Laura Somerville reached into a drawer, removed a black velvet mat, placed it on the dining room table. She then carefully arranged the ivory tangram pieces on it. She handled them as if they were the bones of saints.

One square, five triangles, one parallelogram.

Laura then retrieved a tall book from a shelf. It was beautifully bound, thick. “This is a book of games,” she said. “It includes a history and collection of tangram. The author lives in Chester County.” She flipped through the three hundred or so pages. Page after page had a dozen silhouettes of geometrically shaped items on them—buildings, animals, people, flowers. She stopped at a page near the middle. “For instance, here is a page of problems created by Chien-Yun Chi in about 1855. It is a page of tools and household items.”

“All of these shapes are made from just these seven pieces?” Byrne asked.

“Yes.”

“Wow.” Byrne glanced at the diagram, studied it for a few moments.

She tapped a diagram at the bottom of the page. “This problem is a wedding drinking cup.”

Byrne glanced at Laura Somerville, then at the carved ivory pieces. “May I?”

“Oh, by all means,” she said.

“I’ll be careful,” Byrne said. For a big man, he was cautious, precise. Meticulous in his actions. When called for.

Byrne picked up the square and one of the large triangles. He stared at them closely, perhaps gauging their size and shape, their relationship to each other, his eyes darting from the diagram to the remaining pieces on the velvet.

He placed the big square on the velvet, the triangle to the right of it. He stared at the arrangement for a few seconds, then turned the triangle. He grasped two of the smaller triangles, held them over the emerging shape. He placed them on the table, moved them. He repeated this three or four times, his eyes roaming the geography of the puzzle.

A few minutes later, he was done. Jessica looked at both the diagram in the book and the arranged ivory pieces on the table. They were identical.

“Very impressive,” Laura said.

“Was this a tough one?” Byrne asked.

“Tough enough.”

Byrne beamed. He looked like a kid who had just hit a stand-up triple.

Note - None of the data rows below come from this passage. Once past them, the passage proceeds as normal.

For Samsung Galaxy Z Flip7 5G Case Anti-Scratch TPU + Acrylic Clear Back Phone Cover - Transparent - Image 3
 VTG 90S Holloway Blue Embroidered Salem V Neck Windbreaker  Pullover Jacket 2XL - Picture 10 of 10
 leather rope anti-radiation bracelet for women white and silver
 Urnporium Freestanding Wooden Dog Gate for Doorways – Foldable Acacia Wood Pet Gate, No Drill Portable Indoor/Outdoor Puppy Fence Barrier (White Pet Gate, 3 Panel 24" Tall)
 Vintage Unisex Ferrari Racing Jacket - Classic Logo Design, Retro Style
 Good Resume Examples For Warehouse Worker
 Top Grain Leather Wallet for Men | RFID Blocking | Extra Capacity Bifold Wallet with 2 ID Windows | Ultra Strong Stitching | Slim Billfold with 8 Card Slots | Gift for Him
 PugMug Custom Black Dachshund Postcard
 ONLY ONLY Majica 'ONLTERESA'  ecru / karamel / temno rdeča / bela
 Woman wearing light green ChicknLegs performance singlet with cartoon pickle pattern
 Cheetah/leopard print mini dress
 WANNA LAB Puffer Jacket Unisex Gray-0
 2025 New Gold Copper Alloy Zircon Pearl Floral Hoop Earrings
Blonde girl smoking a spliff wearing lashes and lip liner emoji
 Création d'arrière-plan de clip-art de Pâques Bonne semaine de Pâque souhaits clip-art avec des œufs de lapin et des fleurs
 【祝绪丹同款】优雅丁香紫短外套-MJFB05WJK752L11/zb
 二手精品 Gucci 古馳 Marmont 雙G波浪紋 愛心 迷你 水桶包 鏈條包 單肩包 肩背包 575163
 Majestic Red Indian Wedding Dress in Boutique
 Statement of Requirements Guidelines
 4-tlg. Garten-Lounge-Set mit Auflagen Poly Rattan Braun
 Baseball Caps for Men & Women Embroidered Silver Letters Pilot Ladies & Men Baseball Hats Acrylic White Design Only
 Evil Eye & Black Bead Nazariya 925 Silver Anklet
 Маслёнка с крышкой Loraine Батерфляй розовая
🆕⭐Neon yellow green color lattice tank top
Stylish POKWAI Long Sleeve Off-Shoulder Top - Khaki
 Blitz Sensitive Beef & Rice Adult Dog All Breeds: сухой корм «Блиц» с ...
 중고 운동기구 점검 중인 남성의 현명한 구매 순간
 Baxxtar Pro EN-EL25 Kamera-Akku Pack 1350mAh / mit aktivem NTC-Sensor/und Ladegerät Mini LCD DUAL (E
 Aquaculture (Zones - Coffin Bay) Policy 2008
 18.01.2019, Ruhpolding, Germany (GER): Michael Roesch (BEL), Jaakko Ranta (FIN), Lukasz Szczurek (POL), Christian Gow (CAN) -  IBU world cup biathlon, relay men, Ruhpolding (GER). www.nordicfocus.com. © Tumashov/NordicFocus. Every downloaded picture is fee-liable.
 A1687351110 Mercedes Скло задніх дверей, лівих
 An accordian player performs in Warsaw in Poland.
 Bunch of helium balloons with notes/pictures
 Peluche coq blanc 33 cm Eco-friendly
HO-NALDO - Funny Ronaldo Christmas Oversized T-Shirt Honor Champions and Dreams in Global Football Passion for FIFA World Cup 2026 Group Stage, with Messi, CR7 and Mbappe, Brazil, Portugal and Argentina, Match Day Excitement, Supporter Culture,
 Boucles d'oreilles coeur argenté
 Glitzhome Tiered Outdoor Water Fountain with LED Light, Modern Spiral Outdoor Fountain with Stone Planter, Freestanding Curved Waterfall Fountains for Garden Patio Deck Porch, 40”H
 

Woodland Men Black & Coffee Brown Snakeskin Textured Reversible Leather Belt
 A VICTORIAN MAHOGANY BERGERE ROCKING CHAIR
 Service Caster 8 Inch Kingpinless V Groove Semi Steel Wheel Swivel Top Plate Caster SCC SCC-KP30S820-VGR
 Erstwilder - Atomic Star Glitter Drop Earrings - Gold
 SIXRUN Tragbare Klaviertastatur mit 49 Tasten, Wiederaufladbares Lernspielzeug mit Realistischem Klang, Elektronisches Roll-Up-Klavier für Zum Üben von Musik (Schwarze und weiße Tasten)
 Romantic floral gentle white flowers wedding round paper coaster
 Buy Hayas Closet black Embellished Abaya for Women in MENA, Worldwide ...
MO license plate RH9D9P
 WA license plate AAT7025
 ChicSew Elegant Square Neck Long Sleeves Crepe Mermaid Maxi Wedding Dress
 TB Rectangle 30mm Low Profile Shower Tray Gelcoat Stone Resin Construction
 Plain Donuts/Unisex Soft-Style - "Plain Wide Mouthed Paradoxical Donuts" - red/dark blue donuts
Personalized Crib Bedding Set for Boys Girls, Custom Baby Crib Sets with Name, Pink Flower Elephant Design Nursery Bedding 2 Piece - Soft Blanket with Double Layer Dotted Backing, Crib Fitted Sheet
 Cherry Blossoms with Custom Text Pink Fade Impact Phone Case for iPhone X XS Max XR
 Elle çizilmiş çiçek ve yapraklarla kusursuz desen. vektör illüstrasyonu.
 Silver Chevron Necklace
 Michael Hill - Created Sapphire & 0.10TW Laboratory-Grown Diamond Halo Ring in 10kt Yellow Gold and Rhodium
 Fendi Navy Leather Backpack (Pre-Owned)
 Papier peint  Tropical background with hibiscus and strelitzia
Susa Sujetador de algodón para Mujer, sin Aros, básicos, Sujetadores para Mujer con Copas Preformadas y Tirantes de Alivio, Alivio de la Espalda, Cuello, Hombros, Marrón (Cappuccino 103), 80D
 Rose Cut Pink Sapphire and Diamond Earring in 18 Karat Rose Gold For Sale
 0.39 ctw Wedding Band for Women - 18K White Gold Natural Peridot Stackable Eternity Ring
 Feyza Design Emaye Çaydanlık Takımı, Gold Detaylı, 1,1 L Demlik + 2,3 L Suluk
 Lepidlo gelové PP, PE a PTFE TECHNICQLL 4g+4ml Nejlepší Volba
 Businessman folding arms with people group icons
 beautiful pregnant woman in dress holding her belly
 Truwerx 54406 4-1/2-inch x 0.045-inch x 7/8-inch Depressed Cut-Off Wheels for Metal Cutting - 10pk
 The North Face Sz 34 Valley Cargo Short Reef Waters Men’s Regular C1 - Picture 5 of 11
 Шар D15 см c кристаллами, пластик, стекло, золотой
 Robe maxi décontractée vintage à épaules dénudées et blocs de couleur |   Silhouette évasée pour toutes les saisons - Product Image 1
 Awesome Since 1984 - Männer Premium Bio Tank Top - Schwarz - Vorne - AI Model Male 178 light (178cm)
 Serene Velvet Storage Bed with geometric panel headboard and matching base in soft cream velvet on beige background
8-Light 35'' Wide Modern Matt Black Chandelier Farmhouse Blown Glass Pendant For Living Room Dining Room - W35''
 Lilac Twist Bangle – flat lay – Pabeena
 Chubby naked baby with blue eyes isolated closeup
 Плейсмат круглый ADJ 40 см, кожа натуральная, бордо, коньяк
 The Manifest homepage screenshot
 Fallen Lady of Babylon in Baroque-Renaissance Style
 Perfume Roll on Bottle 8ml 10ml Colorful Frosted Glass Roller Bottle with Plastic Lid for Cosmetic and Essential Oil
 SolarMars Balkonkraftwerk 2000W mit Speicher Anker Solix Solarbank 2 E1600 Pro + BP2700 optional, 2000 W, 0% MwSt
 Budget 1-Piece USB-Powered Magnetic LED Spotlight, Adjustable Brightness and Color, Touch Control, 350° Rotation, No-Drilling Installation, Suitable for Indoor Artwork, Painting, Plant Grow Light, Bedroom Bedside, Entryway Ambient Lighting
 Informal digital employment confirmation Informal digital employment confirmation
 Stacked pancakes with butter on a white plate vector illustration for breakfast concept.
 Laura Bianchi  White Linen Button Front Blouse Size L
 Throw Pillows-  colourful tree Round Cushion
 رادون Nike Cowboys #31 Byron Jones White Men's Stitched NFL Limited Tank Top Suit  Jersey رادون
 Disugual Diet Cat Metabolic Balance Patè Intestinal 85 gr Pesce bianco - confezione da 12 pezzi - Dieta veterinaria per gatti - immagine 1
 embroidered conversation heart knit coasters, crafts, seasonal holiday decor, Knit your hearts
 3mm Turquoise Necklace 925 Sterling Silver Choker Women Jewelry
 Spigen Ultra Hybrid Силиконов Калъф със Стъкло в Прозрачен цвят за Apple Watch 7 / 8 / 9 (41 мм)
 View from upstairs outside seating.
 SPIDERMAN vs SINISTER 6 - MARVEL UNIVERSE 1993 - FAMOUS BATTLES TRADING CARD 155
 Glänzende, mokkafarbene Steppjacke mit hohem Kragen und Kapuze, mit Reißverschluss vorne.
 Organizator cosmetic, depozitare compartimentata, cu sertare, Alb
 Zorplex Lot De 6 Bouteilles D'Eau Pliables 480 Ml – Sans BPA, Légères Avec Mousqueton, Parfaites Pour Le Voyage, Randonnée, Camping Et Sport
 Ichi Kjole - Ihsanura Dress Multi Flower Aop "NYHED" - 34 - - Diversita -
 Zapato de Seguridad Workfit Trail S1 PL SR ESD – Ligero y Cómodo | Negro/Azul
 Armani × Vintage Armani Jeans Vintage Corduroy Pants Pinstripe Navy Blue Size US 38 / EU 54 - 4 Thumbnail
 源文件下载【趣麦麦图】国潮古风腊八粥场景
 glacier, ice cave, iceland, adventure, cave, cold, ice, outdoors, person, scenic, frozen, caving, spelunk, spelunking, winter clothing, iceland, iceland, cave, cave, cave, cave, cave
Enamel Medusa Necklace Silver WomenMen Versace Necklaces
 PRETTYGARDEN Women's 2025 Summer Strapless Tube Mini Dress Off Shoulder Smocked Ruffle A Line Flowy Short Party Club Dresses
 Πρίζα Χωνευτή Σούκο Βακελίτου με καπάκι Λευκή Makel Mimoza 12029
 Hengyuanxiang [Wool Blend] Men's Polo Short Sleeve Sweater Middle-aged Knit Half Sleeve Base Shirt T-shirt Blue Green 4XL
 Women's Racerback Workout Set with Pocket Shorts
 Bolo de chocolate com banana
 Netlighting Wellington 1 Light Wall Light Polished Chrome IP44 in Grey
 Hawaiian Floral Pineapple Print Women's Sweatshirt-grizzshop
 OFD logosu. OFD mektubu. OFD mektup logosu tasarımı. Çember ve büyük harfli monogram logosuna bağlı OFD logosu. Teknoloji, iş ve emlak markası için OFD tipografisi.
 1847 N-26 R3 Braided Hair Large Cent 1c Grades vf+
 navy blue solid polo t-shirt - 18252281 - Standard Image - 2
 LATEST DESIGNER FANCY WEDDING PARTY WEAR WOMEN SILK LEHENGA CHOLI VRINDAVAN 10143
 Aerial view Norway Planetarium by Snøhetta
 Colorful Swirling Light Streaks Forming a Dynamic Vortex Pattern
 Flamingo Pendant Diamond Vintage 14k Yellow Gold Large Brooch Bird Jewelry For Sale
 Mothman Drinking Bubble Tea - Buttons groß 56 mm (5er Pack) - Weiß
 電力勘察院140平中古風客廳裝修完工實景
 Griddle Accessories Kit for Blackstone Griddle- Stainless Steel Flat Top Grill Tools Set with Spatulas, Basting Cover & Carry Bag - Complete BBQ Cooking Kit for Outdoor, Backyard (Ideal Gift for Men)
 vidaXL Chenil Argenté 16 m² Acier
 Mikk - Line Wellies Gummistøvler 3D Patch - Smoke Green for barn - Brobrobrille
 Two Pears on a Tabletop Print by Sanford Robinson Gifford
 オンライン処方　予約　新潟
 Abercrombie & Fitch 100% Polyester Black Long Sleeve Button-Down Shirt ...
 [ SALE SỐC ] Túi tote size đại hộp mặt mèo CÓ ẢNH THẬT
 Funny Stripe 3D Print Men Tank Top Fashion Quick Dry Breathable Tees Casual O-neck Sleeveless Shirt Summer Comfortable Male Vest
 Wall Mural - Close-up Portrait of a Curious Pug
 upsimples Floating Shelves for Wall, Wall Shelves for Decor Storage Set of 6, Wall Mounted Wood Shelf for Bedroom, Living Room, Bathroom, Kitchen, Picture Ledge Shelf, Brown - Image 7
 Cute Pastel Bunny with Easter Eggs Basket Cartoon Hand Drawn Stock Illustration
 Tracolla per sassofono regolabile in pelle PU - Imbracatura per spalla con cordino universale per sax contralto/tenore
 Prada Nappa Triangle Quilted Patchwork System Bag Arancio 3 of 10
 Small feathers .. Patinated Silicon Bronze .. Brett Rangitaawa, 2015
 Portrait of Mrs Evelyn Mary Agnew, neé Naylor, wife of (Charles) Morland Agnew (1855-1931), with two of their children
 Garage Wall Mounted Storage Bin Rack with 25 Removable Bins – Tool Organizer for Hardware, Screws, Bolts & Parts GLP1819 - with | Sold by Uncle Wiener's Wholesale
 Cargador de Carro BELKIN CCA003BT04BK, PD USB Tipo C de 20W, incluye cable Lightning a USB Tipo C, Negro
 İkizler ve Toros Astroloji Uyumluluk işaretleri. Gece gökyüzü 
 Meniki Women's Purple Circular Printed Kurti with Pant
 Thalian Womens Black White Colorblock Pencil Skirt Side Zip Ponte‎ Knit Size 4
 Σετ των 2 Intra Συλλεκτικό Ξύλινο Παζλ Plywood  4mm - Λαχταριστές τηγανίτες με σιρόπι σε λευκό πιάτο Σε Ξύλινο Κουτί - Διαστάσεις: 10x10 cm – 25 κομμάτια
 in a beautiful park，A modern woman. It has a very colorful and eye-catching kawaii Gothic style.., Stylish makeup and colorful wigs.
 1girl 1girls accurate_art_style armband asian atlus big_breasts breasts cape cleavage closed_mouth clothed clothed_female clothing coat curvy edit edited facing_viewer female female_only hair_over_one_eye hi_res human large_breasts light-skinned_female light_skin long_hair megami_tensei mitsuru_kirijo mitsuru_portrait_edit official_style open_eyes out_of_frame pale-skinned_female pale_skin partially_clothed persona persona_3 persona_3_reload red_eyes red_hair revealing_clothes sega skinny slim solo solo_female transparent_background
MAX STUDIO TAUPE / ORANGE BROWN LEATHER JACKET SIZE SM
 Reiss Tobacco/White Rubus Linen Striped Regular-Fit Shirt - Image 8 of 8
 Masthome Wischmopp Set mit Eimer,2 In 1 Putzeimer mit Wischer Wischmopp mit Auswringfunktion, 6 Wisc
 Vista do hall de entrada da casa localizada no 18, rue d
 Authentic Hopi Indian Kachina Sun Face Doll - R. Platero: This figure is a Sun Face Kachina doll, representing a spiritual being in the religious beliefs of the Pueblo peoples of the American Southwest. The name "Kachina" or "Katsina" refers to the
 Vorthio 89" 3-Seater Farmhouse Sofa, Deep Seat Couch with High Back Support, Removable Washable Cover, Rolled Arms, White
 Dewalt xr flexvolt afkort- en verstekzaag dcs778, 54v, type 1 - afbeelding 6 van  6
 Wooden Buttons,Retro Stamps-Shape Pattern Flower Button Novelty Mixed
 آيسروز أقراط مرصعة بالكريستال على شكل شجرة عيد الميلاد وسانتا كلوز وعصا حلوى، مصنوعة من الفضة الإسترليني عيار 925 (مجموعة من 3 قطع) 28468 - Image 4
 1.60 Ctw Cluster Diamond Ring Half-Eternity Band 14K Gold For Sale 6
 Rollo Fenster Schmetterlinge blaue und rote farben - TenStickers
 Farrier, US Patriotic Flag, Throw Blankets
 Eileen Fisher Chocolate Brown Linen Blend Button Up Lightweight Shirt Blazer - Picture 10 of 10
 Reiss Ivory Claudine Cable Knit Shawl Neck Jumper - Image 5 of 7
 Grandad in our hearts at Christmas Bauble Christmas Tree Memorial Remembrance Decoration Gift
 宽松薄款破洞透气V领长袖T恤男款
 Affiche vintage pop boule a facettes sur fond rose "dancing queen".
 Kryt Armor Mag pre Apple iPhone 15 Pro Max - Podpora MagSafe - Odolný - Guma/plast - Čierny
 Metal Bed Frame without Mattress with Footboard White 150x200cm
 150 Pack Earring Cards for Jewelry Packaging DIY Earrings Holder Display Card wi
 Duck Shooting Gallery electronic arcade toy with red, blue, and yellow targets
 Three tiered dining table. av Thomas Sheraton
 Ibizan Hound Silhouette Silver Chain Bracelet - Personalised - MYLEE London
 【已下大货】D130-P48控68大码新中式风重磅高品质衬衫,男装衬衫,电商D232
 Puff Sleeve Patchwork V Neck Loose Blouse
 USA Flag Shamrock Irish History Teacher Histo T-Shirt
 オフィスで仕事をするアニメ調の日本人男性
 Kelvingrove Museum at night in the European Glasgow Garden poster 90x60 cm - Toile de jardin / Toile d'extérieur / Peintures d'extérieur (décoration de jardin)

Jessica cleared her throat. “Right, well,” she said. “Way to go, partner.” It was time to get down to business. If they didn’t, Kevin Byrne would probably play with the puzzle all day.

Laura Somerville hesitated a moment, then gestured to the chairs in the living room. “Please. Sit down,” she said.

“This won’t take too long,” Jessica said. She took out her notebook, clicked a pen. “How long have you lived at this address?”

“Six years come October.”

“Do you live alone?”

“Yes,” she said.

“Do you know a young woman named Caitlin O’Riordan?”

The woman asked Jessica to repeat the name. She did. Laura Somerville seemed to think about it for a moment. “I’m sorry, the name doesn’t ring a bell.”

Jessica took out the photograph, handed it to the woman. “This is Caitlin,” she said. “Do you recognize her?”

The woman took the photograph from Jessica, slipped on a pair of rose-tinted bifocals, examined the picture in the bright sunlight streaming through the window overlooking Locust Street. “I’m sorry,” she said. “I do not.”